Projection: Second-division regular
2. Carlos Martinez, RHP
DOB: 9/21/1991 (Age: 22)
Height/Weight: 6’0", 185 pounds
Signed: April 2010 (Dominican Republic)
ETA: 2014 (Debuted in 2013)
Undersized at 6’0”, 165 pounds; limited physical projection; right-hander boasts ridiculous arm speed that’s drawn comparisons to Pedro Martinez’s; he possesses an explosive four-seam fastball that registers in the upper-90s as well as a heavy sinker that comes in a few ticks slower.
His slider is his preferred secondary offering, thrown with power in the low 80s; pitch is a sharp-breaker that dives out of the strike zone at the last moment; legitimate out-pitch and bat-misser.
The 22-year-old’s mid- to upper-80s changeup was considered his best weapon in previous years thanks to his ability to replicate the arm speed of his fastball; pitch was used significantly less after carving out a role in the Cardinals bullpen; will be vital to his success as a starter next season, especially for neutralizing left-handed hitters; combination of his arm strength and feel for pitching gives Martinez the potential to be a dynamic, front-of-the-rotation starting pitcher.
Ceiling: No. 2 starter; occasional All-Star
1. Oscar Taveras, OF
DOB: 6/19/1992 (Age: 21)
Height/Weight: 6’2”, 200
Signed: November 2008 (Dominican Republic)
Left-handed hitter who employs a powerful yet balanced swing; keeps bat head in the zone for an extended period of time; strong hands, forearms; always gets head through the zone to achieve favorable point of contact; outstanding plate coverage; successful even when forced to muscle the ball; has 25-plus-home run potential; lift to swing generates carry to all fields.

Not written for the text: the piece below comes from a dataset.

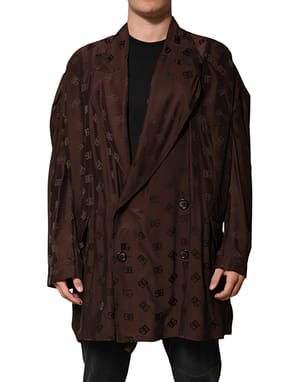 Dolce & Gabbana Brown Polyester Logo Monogram Coat Jacket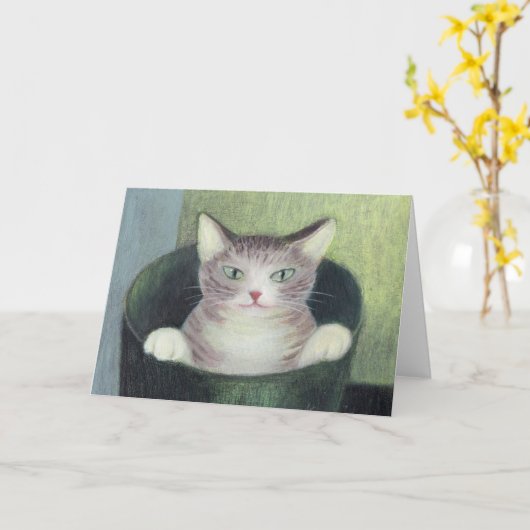 Kat in Bucket Kaart (Gele Bloem)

Hits same-side pitching; makes loud contact to all fields; comfortable hitting any pitch in any count; doesn’t walk a ton and strikeouts will always be minimal given his pitch recognition and excellent hand-eye coordination; base-running can be overaggressive and even reckless;
Capable of playing all three outfield positions; has seen a majority of time in center field but will likely assume a corner spot in the major leagues; solid actions; slightly above-average range; tracks ball well; was an average runner before ankle injury this past season; routes in the outfield have improved over last two years, but there’s still plenty of room for improvement.